Zimbabwe was plunged into fresh political crisis as Prime Minister Morgan Tsvangirai vowed to fight a unilateral decision by President Robert Mugabe to hold elections on July 31.
Mugabe used temporary presidential powers to set the date for a vote that would put an end to their uneasy power-sharing government.
"Today, early in the morning, I received a letter from president Mugabe (proclaiming)... July 31 as the election day," Tsvangirai said.
"President Mugabe is acting unlawfully and unconstitutionally," said his long-time political rival. "As prime minister I cannot and will not accept this."
Tsvangirai vowed to take the matter to court and urged southern African regional leaders to step in and stop Mugabe, 89, who has led Zimbabwe since independence in 1980.
While Mugabe's move would comply with a Constitutional Court order to hold elections by the end of July, the date of the vote is fiercely contested.
Tsvangirai, 61, has vowed to veto any election date that comes before democratic reforms are put into place, fearing Mugabe's ZANU-PF party may once again attempt to manipulate the vote.
In 2008 Tsvangirai led Mugabe in the first round of the presidential ballot, but withdrew from the run-off amid violence that left scores of supporters dead and thousands injured.
Tsvangirai called on regional leaders of the Southern African Development Community (SADC) -- which pushed the pair into a unity government after the violence of 2008 -- to act when they meet in Mozambique on Saturday.
"SADC has the responsibility of ensuring that they call the president to order," he said.
He described Mugabe's move as "an unmitigated frontal and rear attack" on the 15-member regional grouping.
The International Monetary Fund meanwhile announced it would work with Zimbabwe for the first time in more than a decade, a key step in normalising relations with a country whose fragile economy is threatened by massive public debt as well as political strains.
The IMF said it is not planning to provide Zimbabwe -- which had been slapped with restrictions for falling behind on repayments -- with any new funds. But Managing Director Christine Lagarde has approved monitoring of the country's economic programme this year, it said in a statement.

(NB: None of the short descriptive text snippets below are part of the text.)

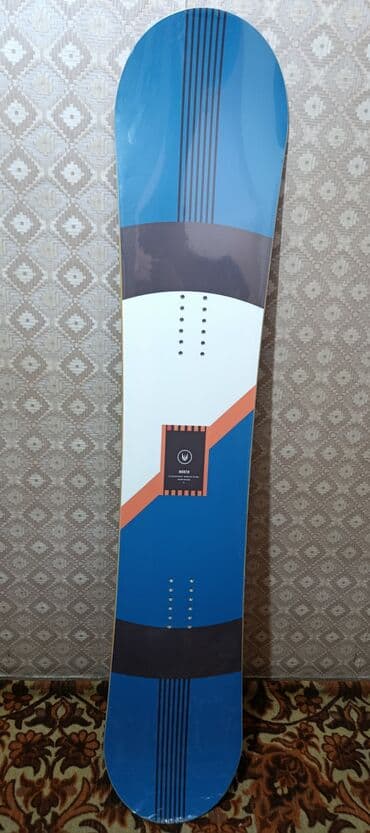 купить профессиональную ракетку для настольного тенниса: Универсальные, Фристайл, Фрирайд, Без креплений, С креплениями, Новый — 1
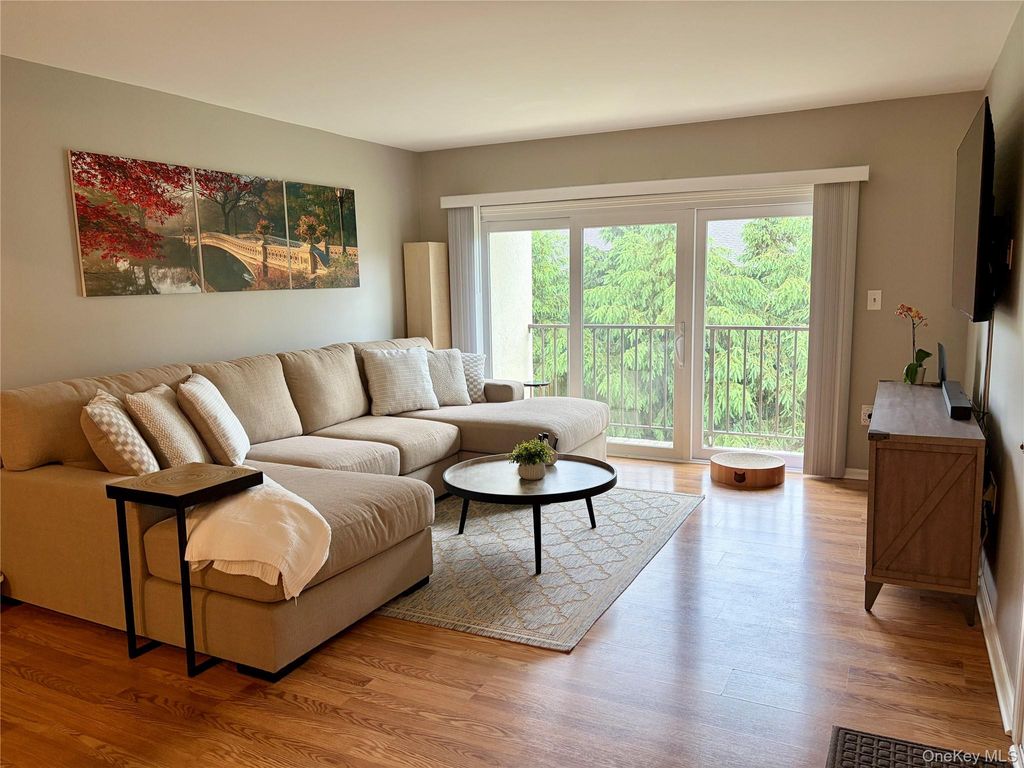 Photo of 9 Edinburgh Drive #9, Peekskill, NY 10566 (MLS # 1003825)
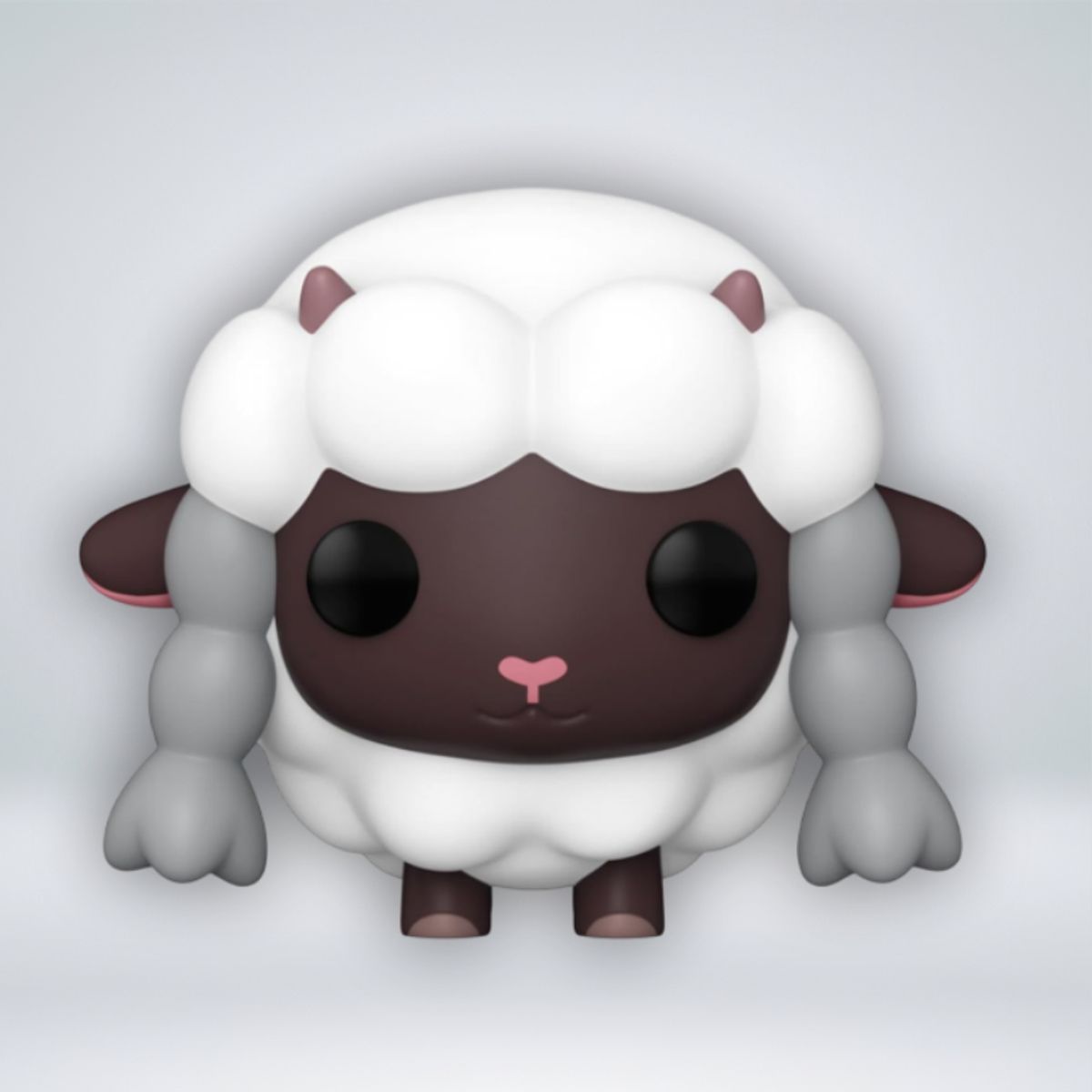 FUNKO - FUNKO POP POKEMON WOOLOO 958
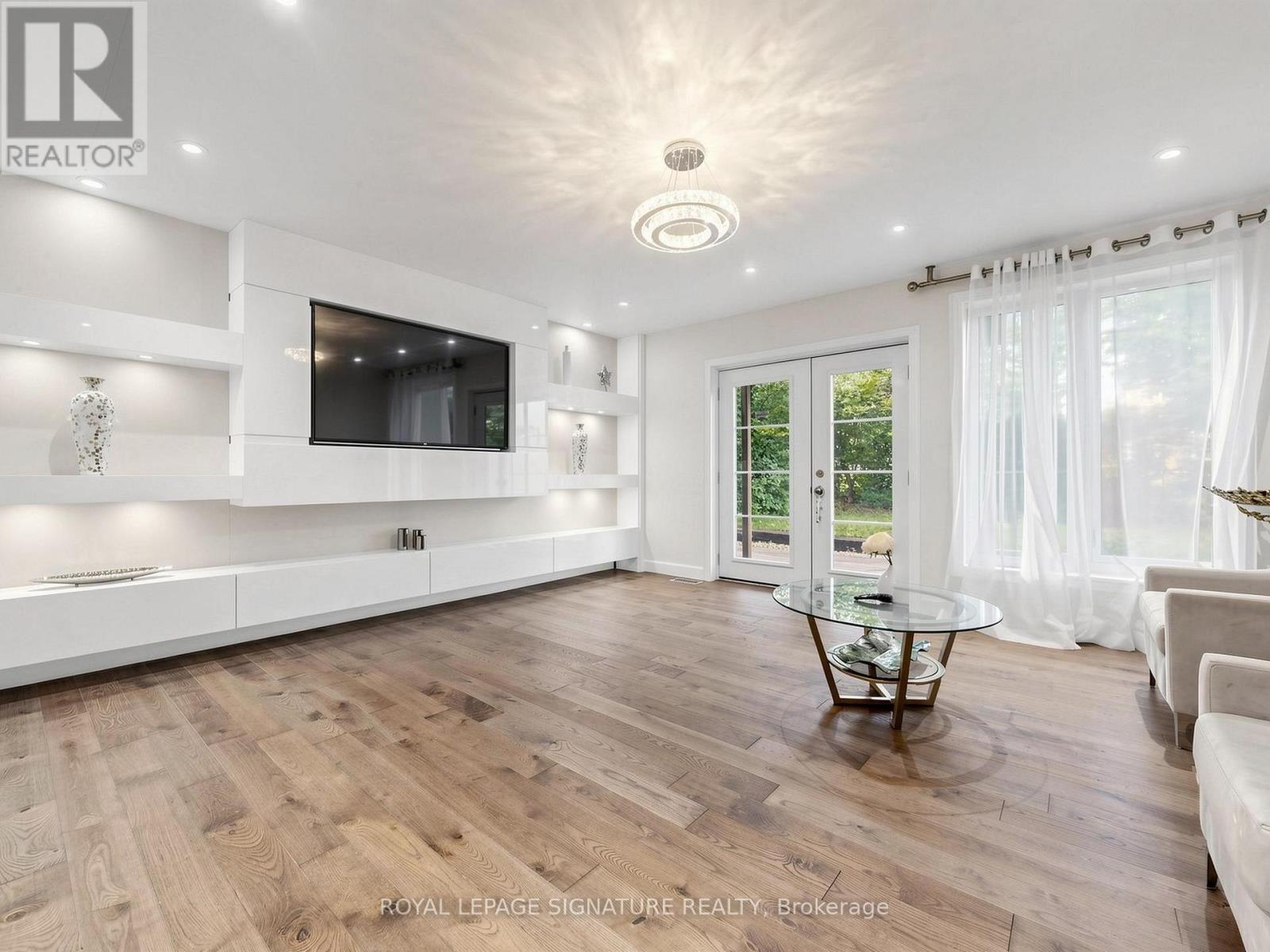 31 TOLLERTON AVENUE - Image 25
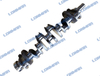 L68.1739 Deutz Crankshaft F6L913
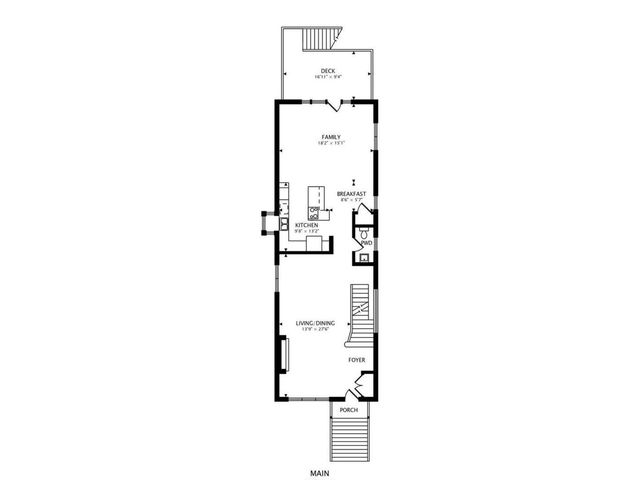 1919 W FLETCHER Street, Chicago, IL 60657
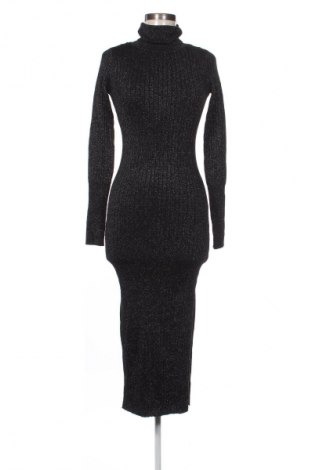 Sukienka Reserved, Rozmiar S, Kolor Kolorowy, Cena 63,99 zł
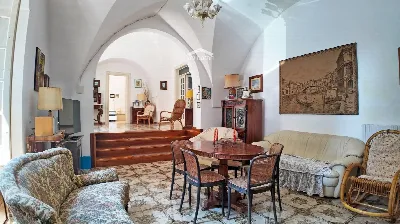 Villa in vendita a Nardò - foto 5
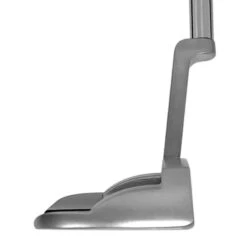 Tour Edge Template Series Valley Silver Putter 9 Tour Edge Template Series Valley Silver Putter -Fairway Finds tour edge template valley silver putter 2024 toe itempicture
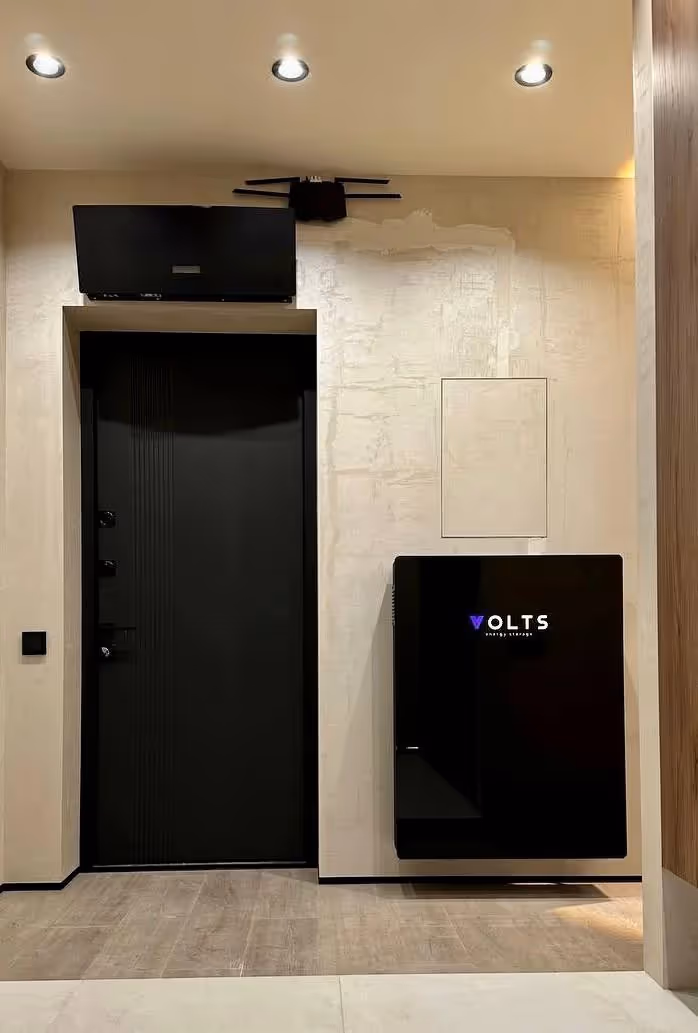 Итоговый результат 2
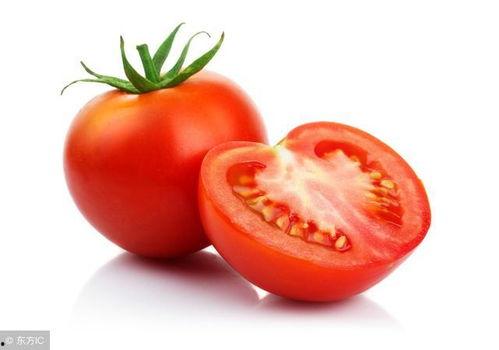 番茄小说特别吃瓜,揭秘特别吃瓜背后的故事与笑料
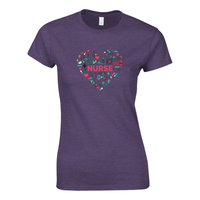 Load image into Gallery viewer, ed38e62f-2cfe-43de-93ef-81df05e32693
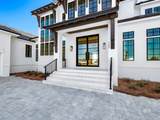 31292 River Road - Photo 2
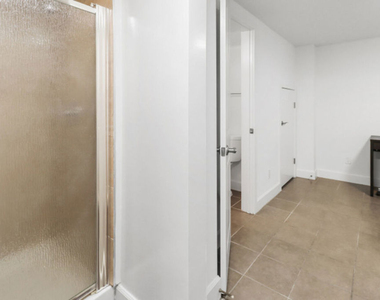 10982 Roebling Avenue - Photo Thumbnail 9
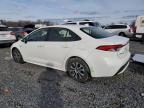 2020 Toyota Corolla Le en Venta en Hillsborough, NJ - Front End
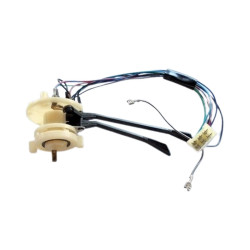 steering column switch Fiat...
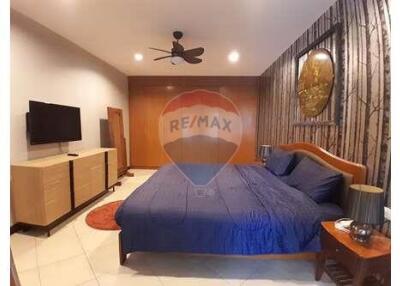 one bedroom apartment in Executive Residence 4 for Rent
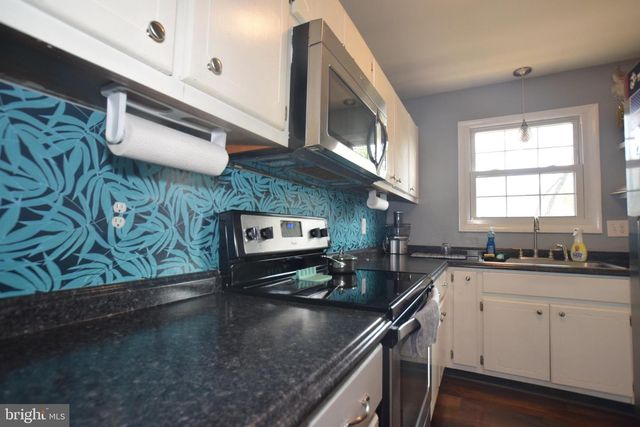 200 VIA DE ROSA DR, Stafford, VA 22556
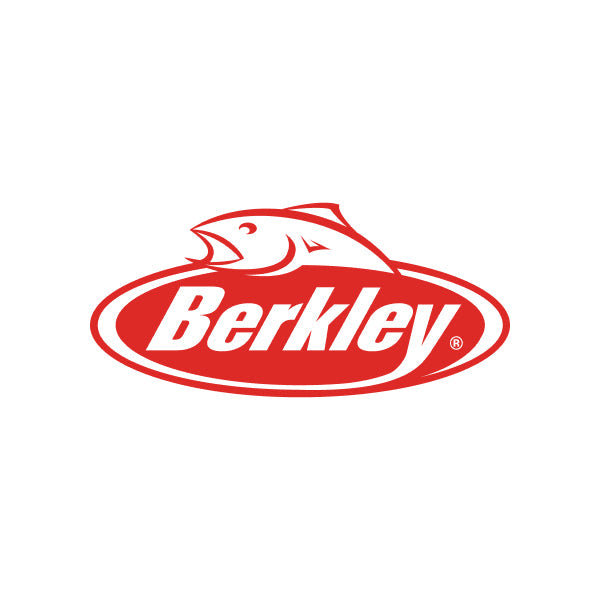 Berkley_Logo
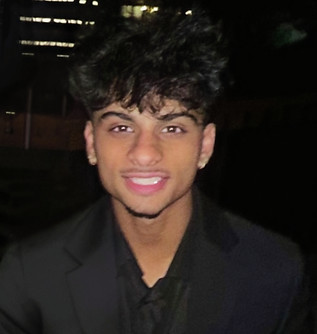 Screenshot 2025-09-19 at 2_edited.jpg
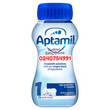 Load image into Gallery viewer, Aptamil Ready To Feed Stage 1 (0-6 Months) - Kyemen Baby Online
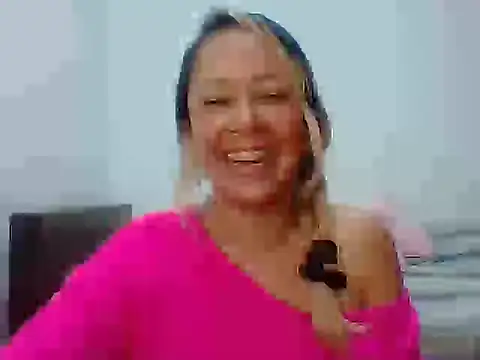 leah susman online show from November 13, 6:07 pm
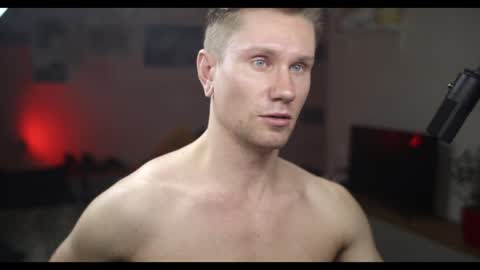 Kev online show from 12/15/24, 06:04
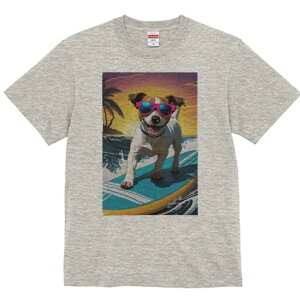 WbNbZeA TVc  j[NfUCfB[X t@  t vg lJWA 킢 lԗp Mtg I ҏ΍ T[tB WbNbZe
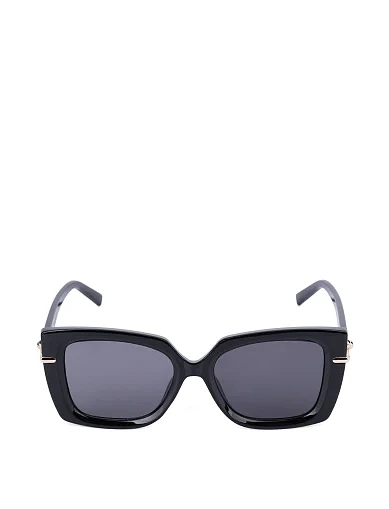 Очки - фото 1 - Miraton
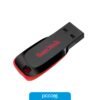 100830_2.jpg Pendrive 32GB Sandisk Cruzer Blade 2.0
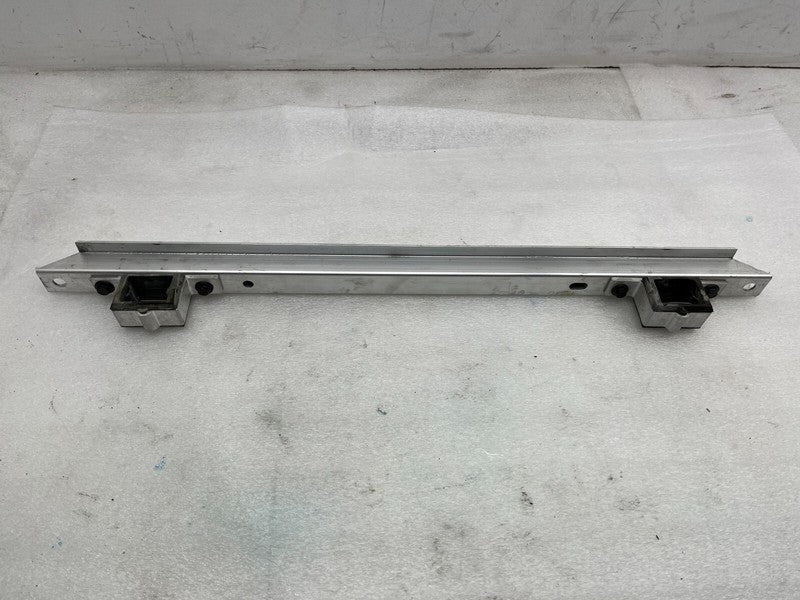 ⭕ 17-23 Model 3 Front Frunk Luggage Storage Reinforcement Support 1104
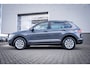 Volkswagen Tiguan 1.4 TSI eHybrid Life 245PK | Achteruitrij Camera | Airco (automatisch) | Keyless entry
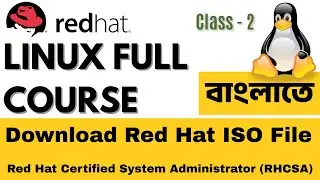 How to Download Red Hat Enterprise Linux Free &ndash; Step-by-Step RHEL Download Guide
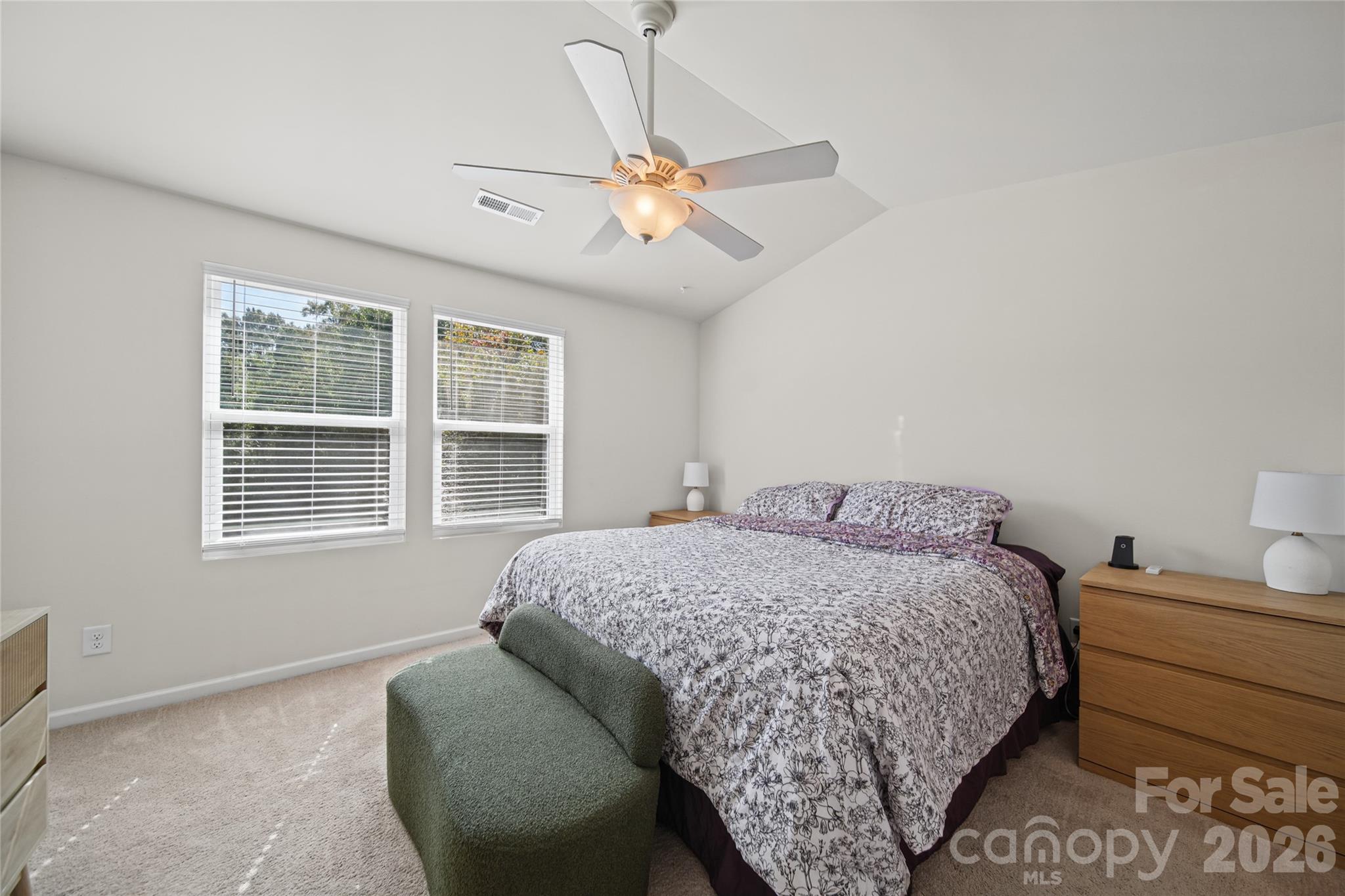 Townhouse at 4907 Potter Road, Matthews, photo 17 of 30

The IMF stripped Zimbabwe of its voting rights in 2003 and nearly expelled the country, a rare move for the Washington-based institution, in 2006.
Though the power-sharing government has made considerable progress in stabilising the economy since an outbreak of blistering hyperinflation ended in 2009, a strong double-digit rebound in growth appears to have ended, slowing to about 4.5 percent in 2012, the IMF said.
Under the power-sharing deal, Mugabe must consult Tsvangirai's Movement for Democratic Change (MDC) about the date of the presidential, parliamentary and local elections.
But Trevor Maisiri of the International Crisis Group said the rival parties have different interpretations of what that means.
"If you speak to ZANU-PF they'll say consultation means the president can ask the principals what they think. With their suggestions he can make a decision," Maisiri said.
"The MDC say 'we'll make the decision together'."
Some commentators argue the MDC has reason to fear an early vote.
After spending much of the last four years focused on government rather than party politics, polls show its star has faded among many voters.
In his tersely worded letter to Tsvangirai, Mugabe justified the use of extraordinary powers to bypass normal decision-making.
Given the Constitutional Court deadline, he said, "it became inexpedient to await the passage through parliament of the electoral amendment bill."
While many reforms have been carried out by the power-sharing government, including the passing of a new constitution, Tsvangirai argues that electoral, media and security laws still need to be implemented to ensure a free vote.
The reforms include ensuring that the electoral roll is updated with eligible voters as well as ensuring that the media can report independently without the fear of being charged for defaming the government.